After the triumph of Omdurman the Sirdar no longer needed the costly British cavalry. The 21st Lancers were sent home. Once again a war was over. But not for Churchill. He wrote his book about the Soudan campaign. And once again he sat in judgment upon the authorities. Once again he was the champion of the weak.

Why, he asked, was word allowed to circulate in the army that it was the Sirdar’s wish to take as few prisoners as possible? Why had Kitchener had the grave of the Mahdi, the Mohammedan shrine, razed by fire from the gunboats? The head of the Mahdi was carried off as a trophy, and his body thrown into the Nile. No doubt the general had had his military reasons. The destruction of their holy place, which they had to watch helplessly, probably made it plain to the Arabs that resistance was useless. But even then, in his formative years, Churchill thought more as a statesman than as a tactician. Great Britain was the greatest Mohammedan state in the world. It was insane to provoke the most sacred feelings of countless millions of subjects. Furthermore it was unchivalrous, and this was what outraged the young lieutenant most deeply. “I shall not hesitate to declare,” he wrote, “that to destroy what was holy and sacred with them was a wicked act, of which a true Christian, no less than a philosopher, must express his abhorrence.”

This was not pleasant reading for the colonels and generals. They felt that this young officer was somehow not one of them. It was only later that he could prove how very much he was one of them. For the moment, as so often, despite all the recognition that fell to his lot he created a rather unfortunate impression. It was not cricket.

Was he to struggle with this profession all his life? Why, after all? There were no more expeditions left. He could never live on his pay as an officer. Nor did he want to use his mother any more. After all, he was already twenty-four. It was high time that he should take his place in the world.
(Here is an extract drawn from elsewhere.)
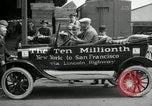 Image of Model T Ten Millionth car Highland Park Michigan USA, 1924, second 45 stock footage video 65675031967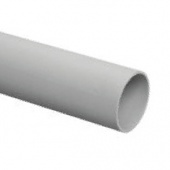 TRUB-32-PVC Труба гладкая ЭРА жесткая (серый) ПВХ d 32мм (3м) - купить в Новокузнецке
The two books he had published and the articles for the Daily Telegraph had cost him little trouble, and brought him in five times as much as three years’ hard service in the Queen’s uniform. The letters about Omdurman that he wrote in the Morning Post, though unsigned, brought him a fortune of three hundred pounds.

He would become a journalist. The Allahabad Pioneer had already made him a splendid offer: three pounds a week for a London letter.

Though, of course, there was still the polo tournament in India. That he must be in. He could not leave his old regiment in the lurch. Out of loyalty he went back to India for a few months more. But then he laid aside the red coat. He had had enough. War? Never again.